Action item :: Please write out all the data that follows exactly, without the pictures.

(Pictures with short captions)
★ ★ ★ ★
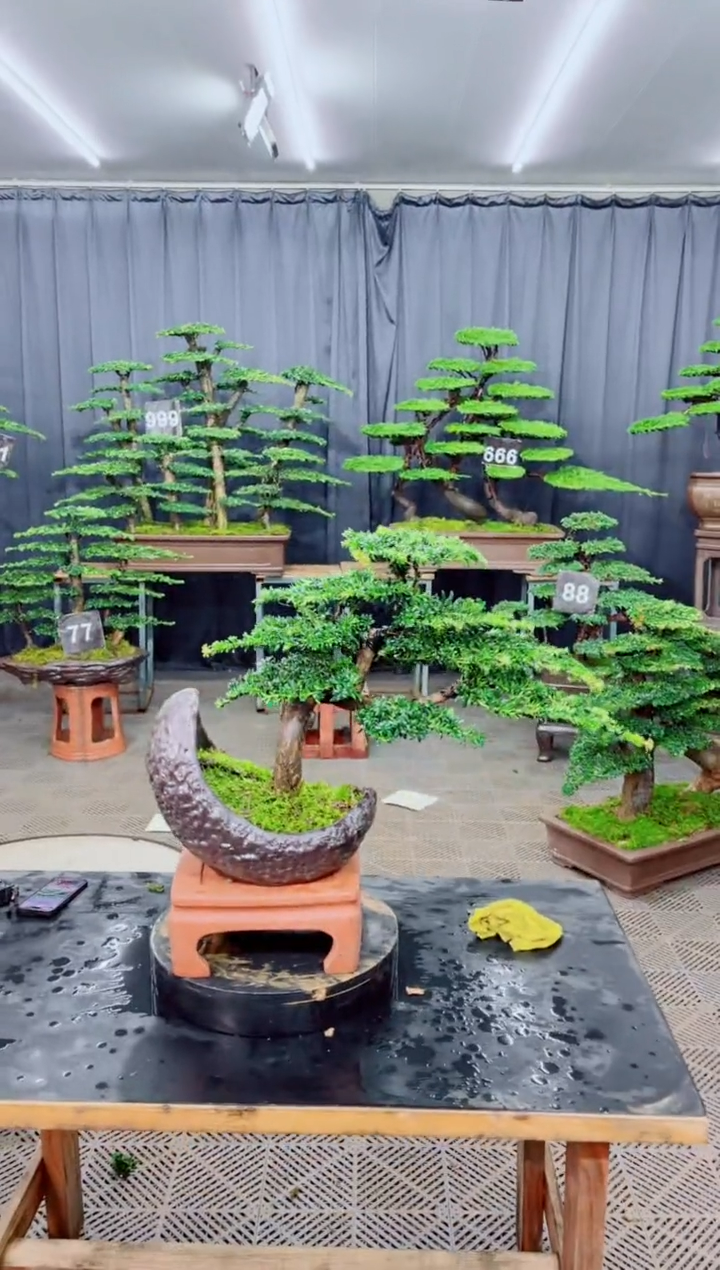 无花朵迎客松111红哑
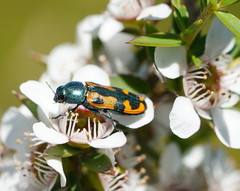 Castiarina scalaris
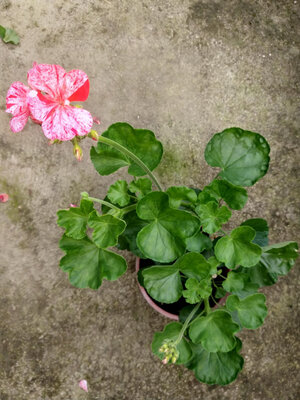 Géranium rouge picoté pied mère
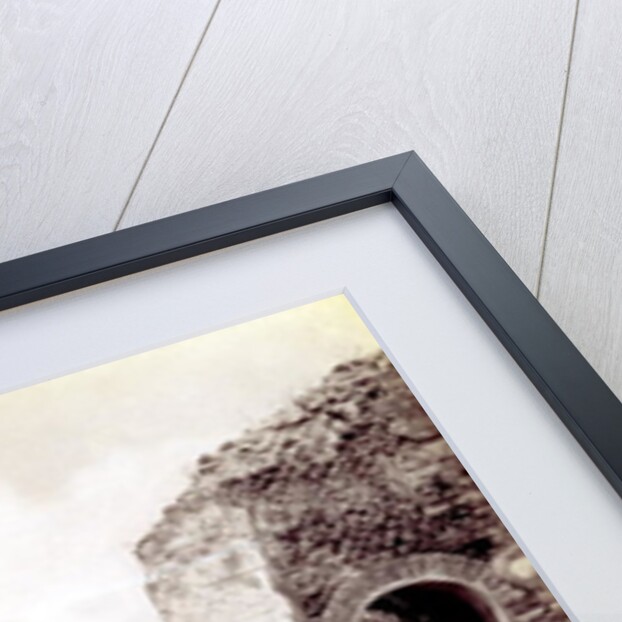 Portraits of Roman Emperors by Henry R. Cook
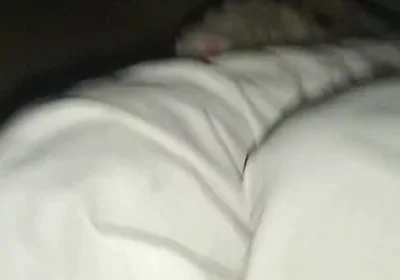 Night Time Vlog It Home and. Sex Girl Friend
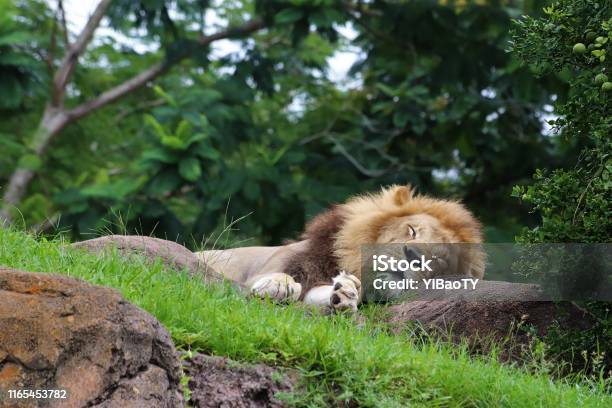 Sleeping Lion Stock Photo Stock Photo - Download Image Now - Lion - Feline, Sleeping, Kicker Rock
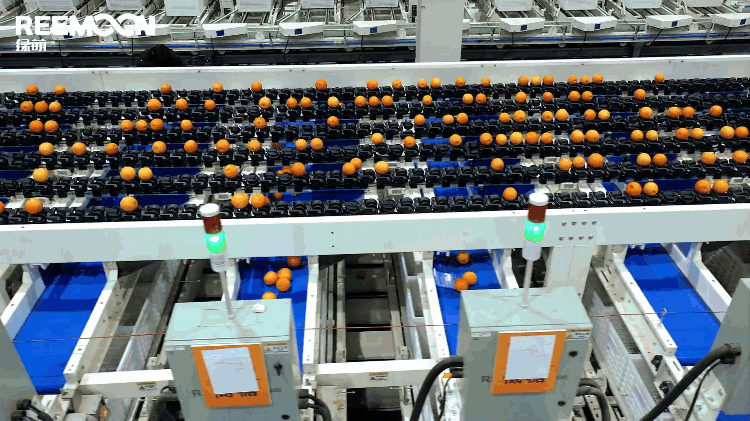 1695872516148757.gif 定量裝箱.gif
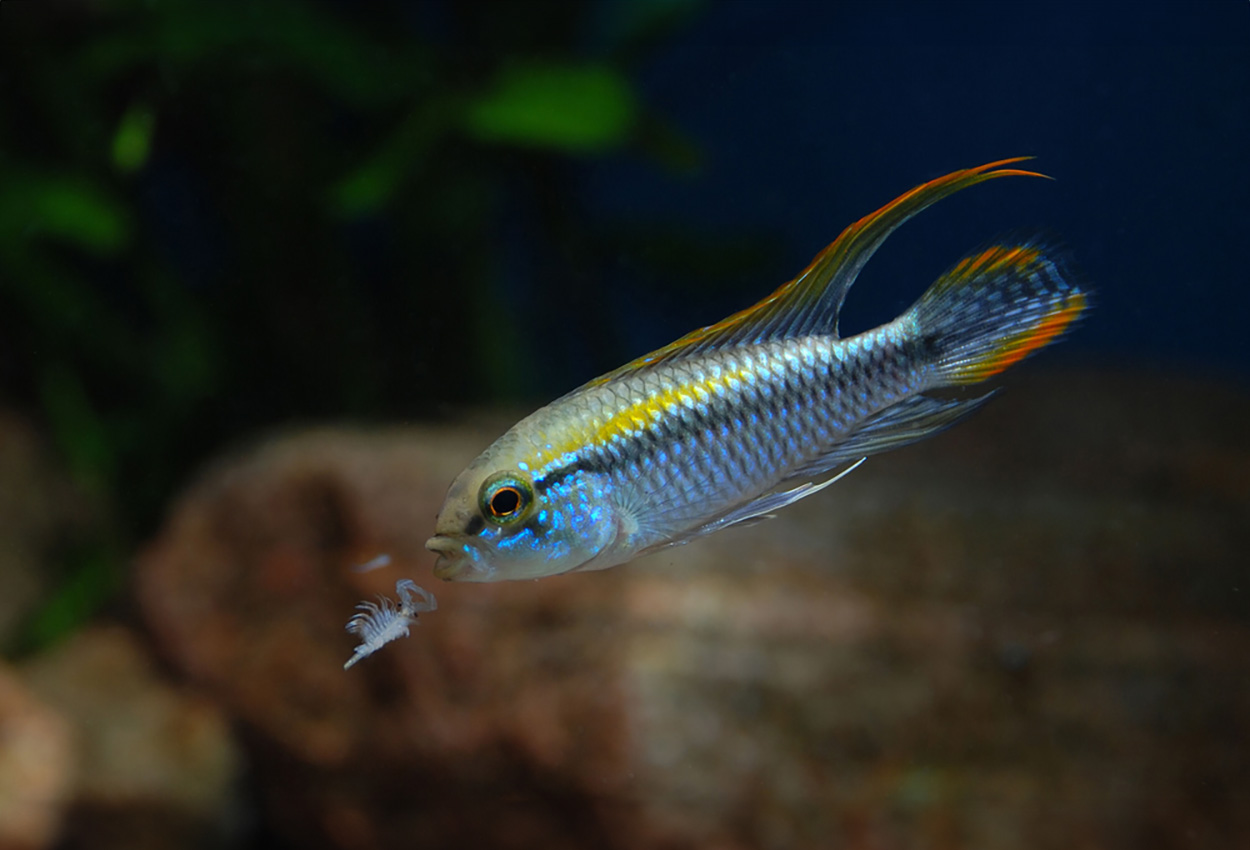 Pulchra apistogramma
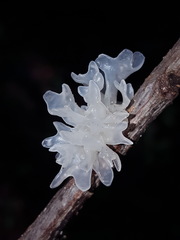 snow fungus
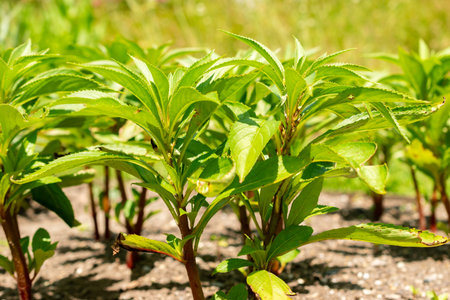 Saint Gallen, Switzerland, June 13, 2025 Impatiens Balsamina or garden balsam plant at the botanical gardenの写真素材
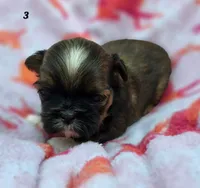 Lydia Girl 3, a female Shih Tzu for sale in Tenino, WA – 4 of 8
★ ★ ★ ★
Response area ::
 无花朵迎客松111红哑
 Castiarina scalaris
 Géranium rouge picoté pied mère
 Portraits of Roman Emperors by Henry R. Cook
 Night Time Vlog It Home and. Sex Girl Friend
 Sleeping Lion Stock Photo Stock Photo - Download Image Now - Lion - Feline, Sleeping, Kicker Rock
 1695872516148757.gif 定量裝箱.gif
 Pulchra apistogramma
 snow fungus
 Saint Gallen, Switzerland, June 13, 2025 Impatiens Balsamina or garden balsam plant at the botanical gardenの写真素材
 Lydia Girl 3, a female Shih Tzu for sale in Tenino, WA – 4 of 8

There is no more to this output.